Contributing factors to high measurement error should be explored. Firstly, standardized times of testing were not possible due to patient scheduling. This lack of standardization is a factor which may have had an influence on all measures. Secondly, interrater reliability was generally better than intrarater reliability for ICC, SEM, and SDD. This outcome was not expected as similar studies evaluating HHD have reported opposite findings [6, 7, 14]. For this study, the number of subjects involved for analysis of reliability may have contributed to this finding. As there were almost twice as many inter- (n = 32) than intrarater reliability (n = 13) patients, these numbers may have had an effect on reliability. Additionally, the study evaluated the intrarater reliability of strength measures over a relatively longer period of time (within one month) when compared with other literature [7, 14]. Therefore, the patients' variation over this time period may have affected intrarater reliability. Another contributing factor for the unexpected reliability distribution may have been the dates of testing. All intrarater reliability patients performed their 2nd testing procedure closer to their date of operation. Patients awaiting surgery have been shown to experience emotional change as their operation day nears [39]. This emotional change may have had an effect on the patients' performance during testing.

Thirdly, when analyzing reliability of flexion and extension, it was found that extension (SDD = 19-31%) was more reliable than flexion (SDD = 30-58%).
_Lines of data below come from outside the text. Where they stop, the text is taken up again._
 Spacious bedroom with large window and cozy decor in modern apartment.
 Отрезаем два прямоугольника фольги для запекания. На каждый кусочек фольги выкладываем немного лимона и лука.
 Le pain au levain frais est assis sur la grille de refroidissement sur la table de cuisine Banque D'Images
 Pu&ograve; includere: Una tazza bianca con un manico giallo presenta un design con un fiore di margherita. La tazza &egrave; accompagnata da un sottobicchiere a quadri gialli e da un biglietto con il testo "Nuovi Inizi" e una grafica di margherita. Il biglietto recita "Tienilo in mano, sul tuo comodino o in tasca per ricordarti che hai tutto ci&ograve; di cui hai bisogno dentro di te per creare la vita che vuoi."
Previous studies have described difficulties in isolating the knee flexors during testing, resulting in hip flexion [28]. This may have had an influence on force exerted on the HHD, therefore affecting strength measures [28]. As fixation points of the HHD support straps were different for flexion and extension, differing lever arms created as a result of the strap placement may have also influenced measures. As the HHD remained supported by the strength of the examiners in addition to the support provided by the straps, this potential source of error was, however, minimized. Another possible explanation involves random error, which occurred in all measures, exerting much more of an effect on the lower flexion scores. The proportional difference between error values and measurement values in flexion and extension would, therefore, result in much higher error for flexion measures.
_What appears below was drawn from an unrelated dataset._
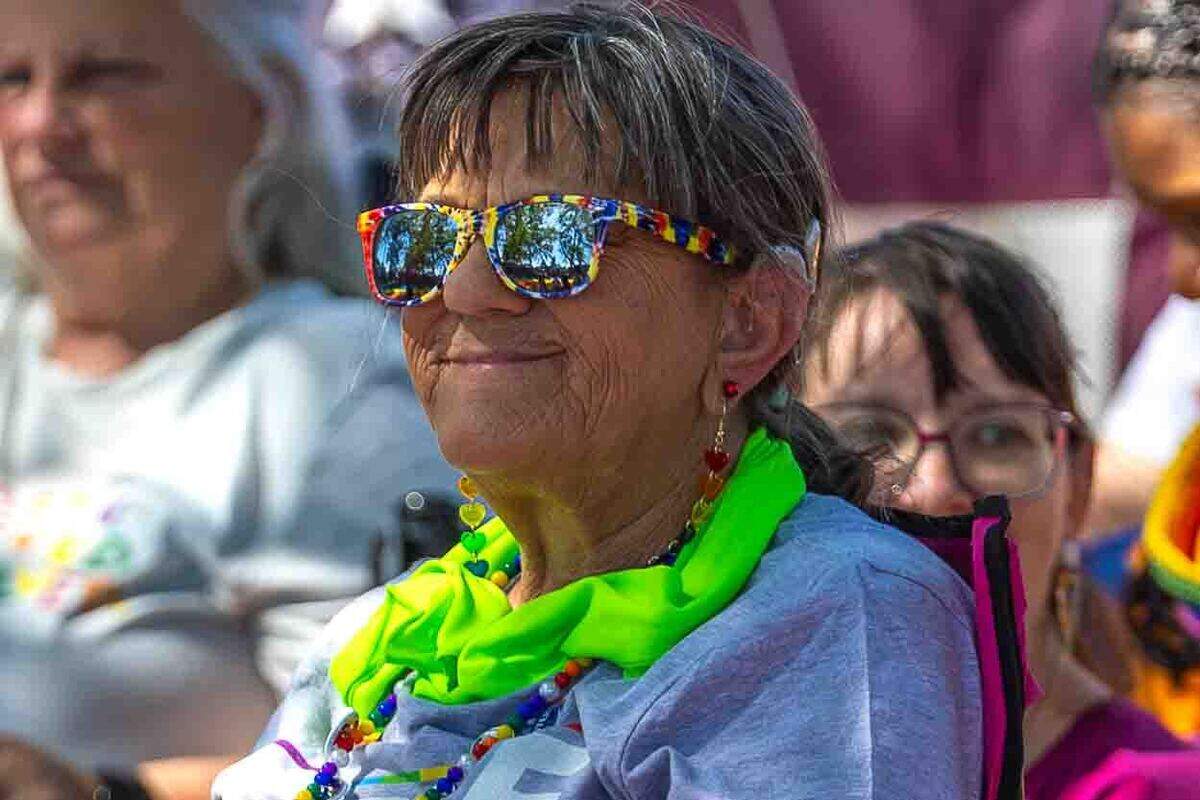 A festival attendee watches the stage performances during a drag performance at the Tri-Cities Pride Festival.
Suggestions for further research include utilizing a similarly standardized protocol to establish the reliability of HHD in a healthy population homogeneous to the current sample in terms of strength and age. Comparing the reliability of the modified HHD to a standard HHD would additionally be beneficial to suggest one method over the other. Analysis of these results may provide a threshold in Newtons to establish the clinical setting and patient population in which the use of a standard HHD is still appropriate. Results could additionally be compared with measures taken with an isokinetic dynamometer to determine accuracy of these measures. Intrarater reliability analysis may also be evaluated using shorter test intervals, therefore minimizing patient variance and better determining true measurement error. Furthermore, relations between HHD strength measures and functional measures should be evaluated to determine whether HHD strength measurement can, indeed, provide a measure on which to gauge functional recovery.


Modified HHD strength measures produced good to excellent ICC values for both inter- and intrarater reliability. The use of modified HHD is, therefore, appropriate for evaluating isometric knee strength measures in patient groups undergoing TKA. High SEM and SDD values, however, indicated high measurement error for individual measures. The use of modified HHD is, therefore, not advised for use in a clinical setting to evaluate strength in individual patients undergoing TKA.